When global health funding contracted in early 2025, many leaders who had spent years expanding access to care found themselves suddenly sidelined. For Brittany Hume-Charm, who had spent two decades building partnerships across global health, innovation, and technology, the moment raised a deeper question: how could she continue to serve communities when the systems she worked in were shrinking?
Brittany credits the WomenLift Health Leadership Journey with teaching her that leadership is something you carry between chapters — not something you lose when one ends. The program deepened her understanding of leadership as something intrinsic, tied to her own voice, values, and conviction, rather than a title or institution. It gave her the confidence to act during moments of uncertainty, and to trust that her experience and perspective belonged in decision-making spaces even when those spaces were shifting.
That conviction led her to look closer to home. She joined the City of Boston as an Executive Fellow focused on economic opportunity in Mayor Michelle Wu’s administration, and ran for public office in her hometown of Newton, Massachusetts, winning a seat on the City Council where she was sworn in on January 1, 2026. When she announced her campaign to her WomenLift Health cohort, she was immediately met with encouragement, practical support, and a network that mobilized behind her from the start.
Following her one-year fellowship, Brittany found a way to blend her prior experience supporting health innovations with her newer focus closer to home.
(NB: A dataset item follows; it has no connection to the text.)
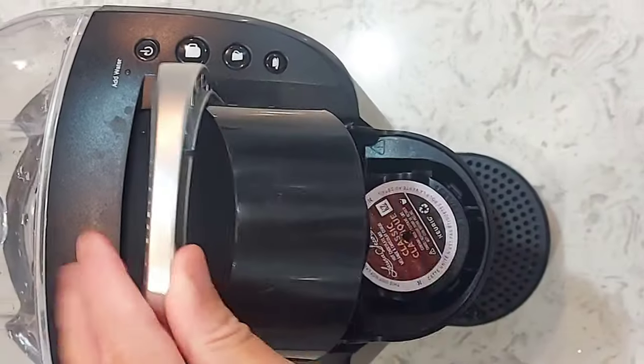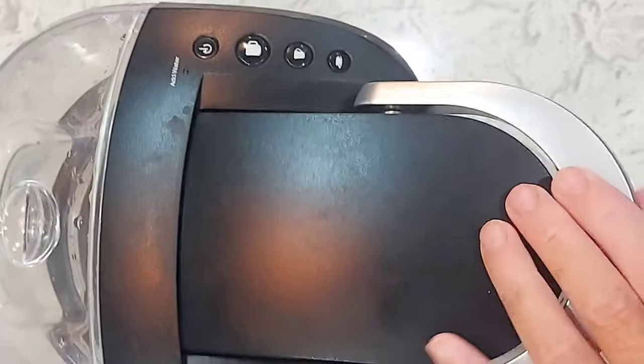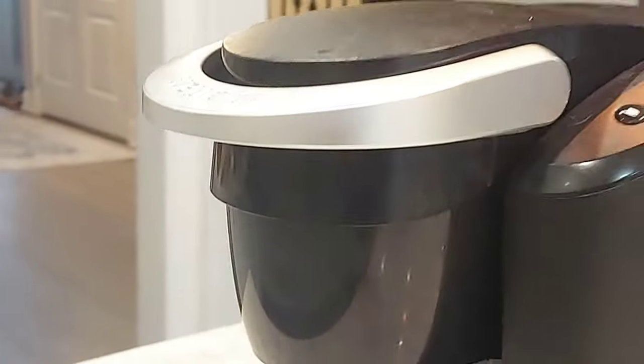This is the Keurig K-Compact K-Pod Coffee Maker single serving. I've had this for six months now and this is what I think about it.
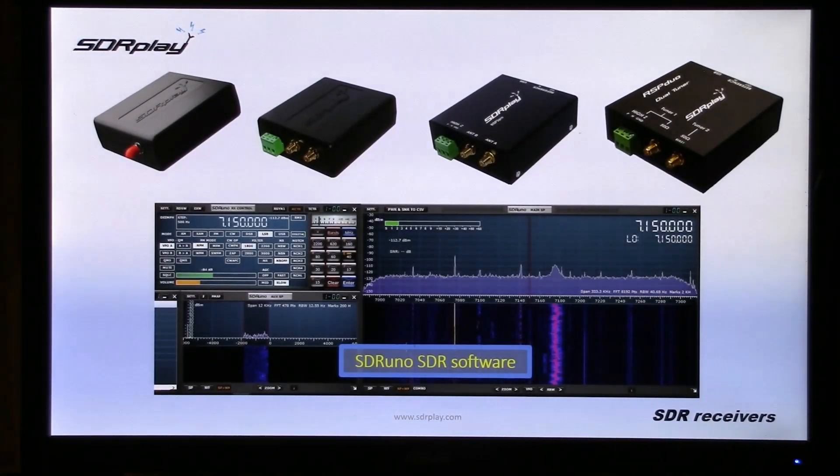When you get an RSP, you don't just get the hardware, but you get access to SDR Uno, SDR software for free, which is ever-evolving.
She joined MassChallenge, a Boston-based startup accelerator, to lead a new initiative called Yes/Boston, focused on bringing together cross-sector leaders to advance innovation at the intersection of food and health.
“Since my global health days, I’ve been pivoting toward local impact, and my City of Boston fellowship has really helped me feel rooted in what local impact can look like,” Brittany shared. “One thing I’ve taken away from my years in different roles, including through WomenLift Health, is that we can have an impact wherever we are.”